Esta misma condición, hará que los insecticidas naturales que se utilizan en la producción orgánica (sin productos químicos industrializados) pierdan su eficacia por contaminación a estos cultivos. La contaminación de los cultivos transgénicos por la polinización es un proceso natural, que está fuera del alcance y control del ser humano, por lo que se desconocen los alcances que pueda tener la contaminación con OGM. Por lo pronto está ya en peligro la preservación de la biodiversidad del maíz en México, de la colza en Europa ya que existen cultivos silvestres similares y de la soya en China.
Por otro lado, se argumentó que el desarrollo de los OGM ayudaría a resolver el problema del hambre a nivel mundial, puesto que aumentarían el rendimiento de producción de alimentos por hectárea, pero hasta ahora las evidencias son otras, aún cuando se ha logrado mejorar las características nutritivas de algunos productos, como son la adición de aminoácidos o de algunas vitaminas en el arroz, o bien, se ha aumentado el contenido de proteínas en algunos otras verduras, estos beneficios han quedado restringido sólo para la población de los países más ricos.
Las aplicaciones comerciales de la biotecnología han aumentado la concentración de la riqueza, el mayor avance en su utilización ha sido en la alimentación ganadera para el consumo excesivo de carne en las naciones ricas.
Cada año se documentan con mayor certeza los impactos nocivos del uso de transgénicos, aún cuando las empresas transnacionales y los gobiernos traten de minimizarlos, ya se han contaminado diversas especies silvestres lo que implica una reducción de la biodiversidad, así como la contaminación química del suelo y de los acuíferos.

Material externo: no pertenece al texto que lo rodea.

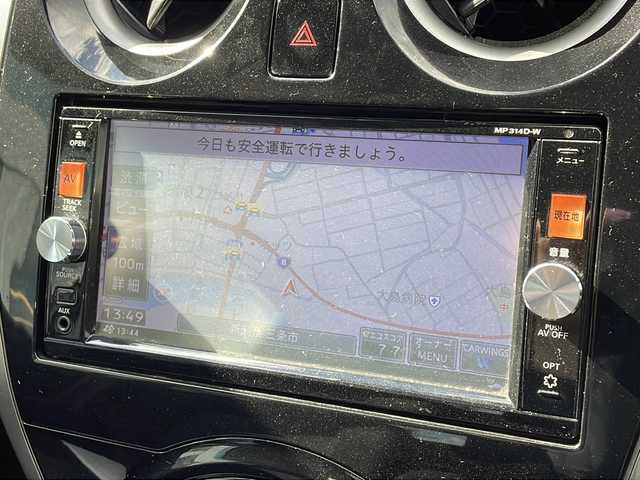 日産 ノート X DIG－S Vセレ +セーフ 新潟県 2015(平27)年 4.9万km ブリリアントホワイトパール 純正SDナビ/（TV/DVD/Bluetooth）/衝突軽減/レーンキープアシスト/コーナーセンサー/全方位カメラ/プッシュスタート/アイドリングストップ/フロアマット/LEDヘッドライト/ウィンカーミラー/ドアバイザー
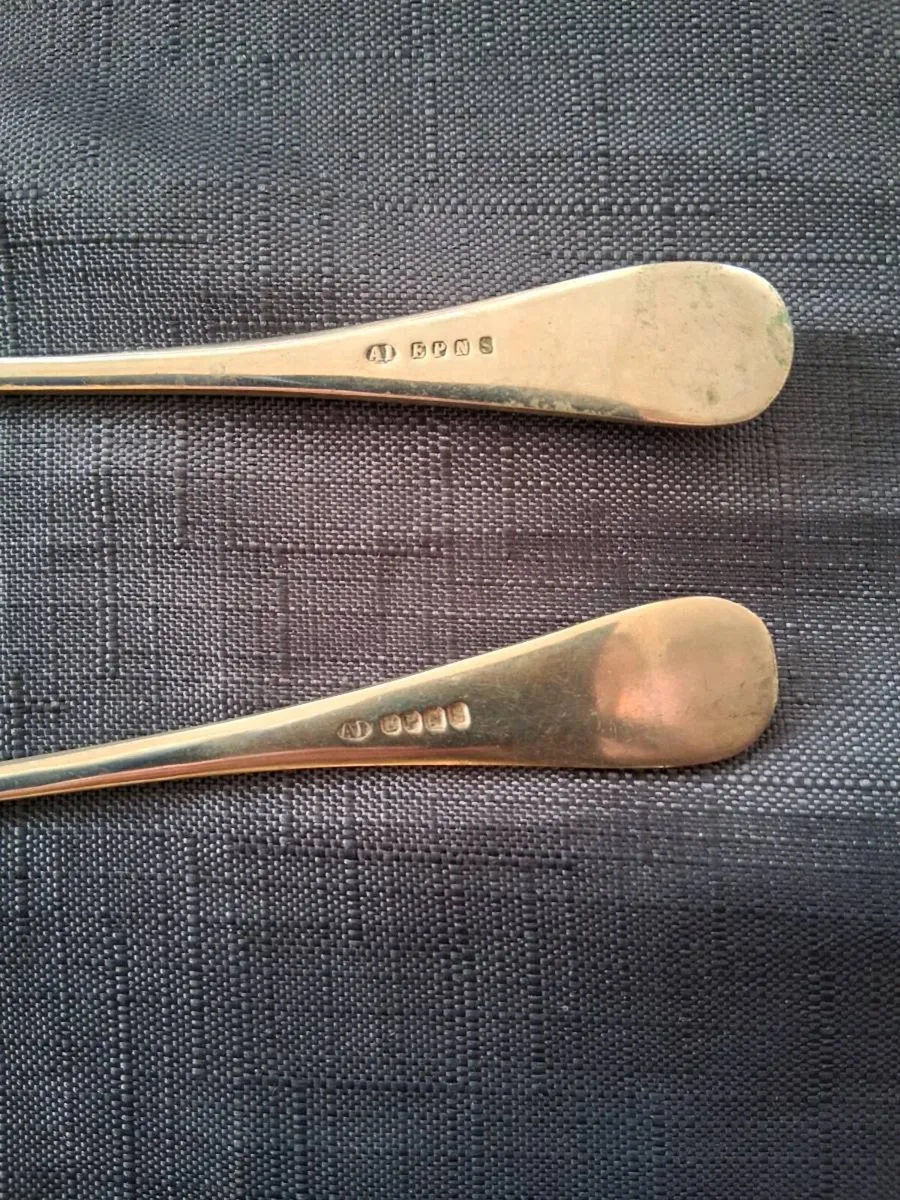 2 Silver Plated Cheese Knives - Image 2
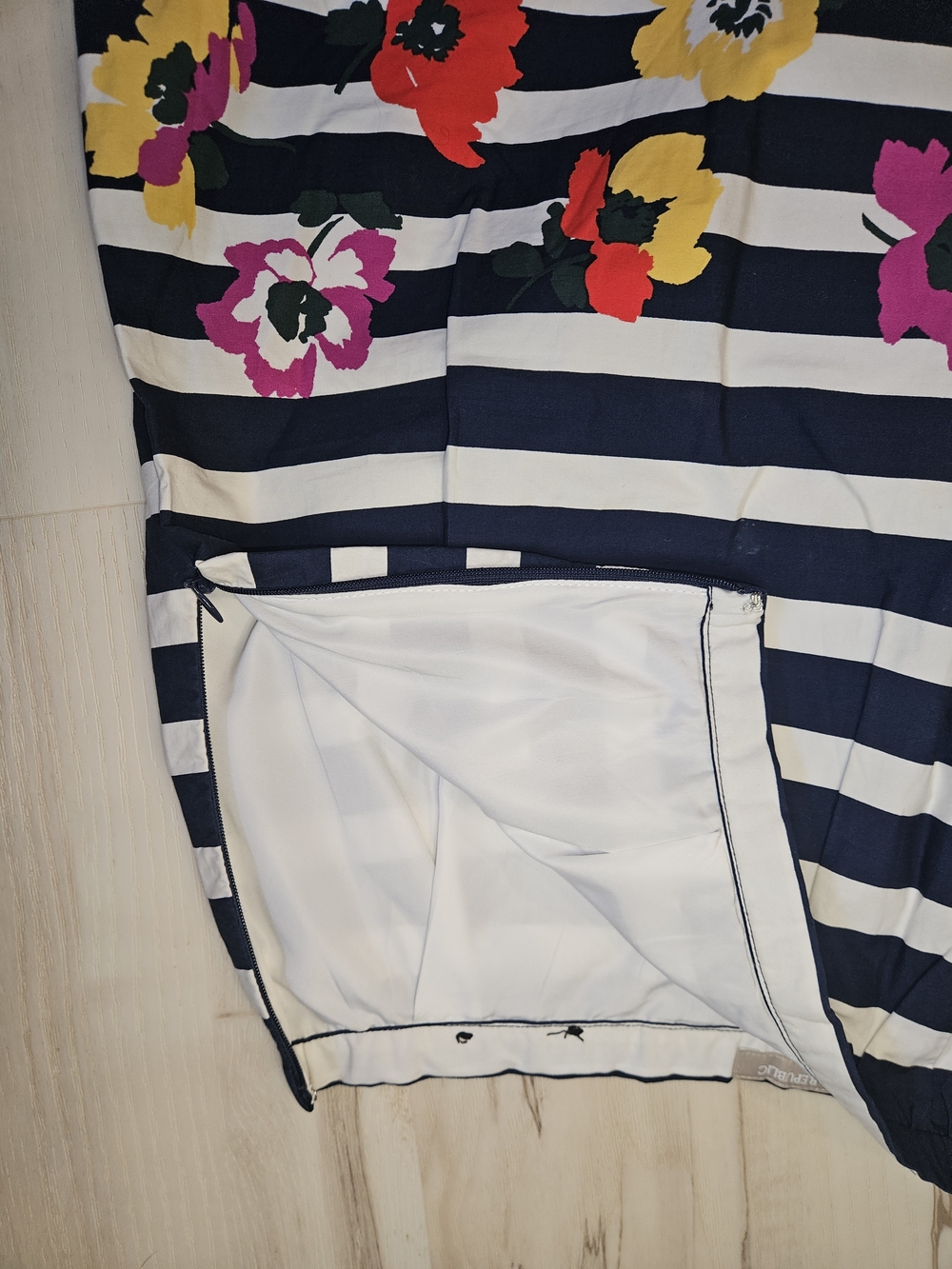 Banana Republic Factory Floral Stripe A-Line Skirt Navy White Women's Size 6 - Picture 8 of 11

En el ser humano, incluso se ha documentado en el desarrollo de alergias alimentarias por maíz transgénico en pobladores de Estado Unidos, y la transmisión de resistencia a algunas bacterias patógenas para el hombre contra el antibiótico ampicilina.
El problema fundamental, no es que los OGM existan, sino que el poder económico de las empresas agrícolas transnacionales que las monopolizan excede el poder de los pequeños productores de la mayor parte de los países.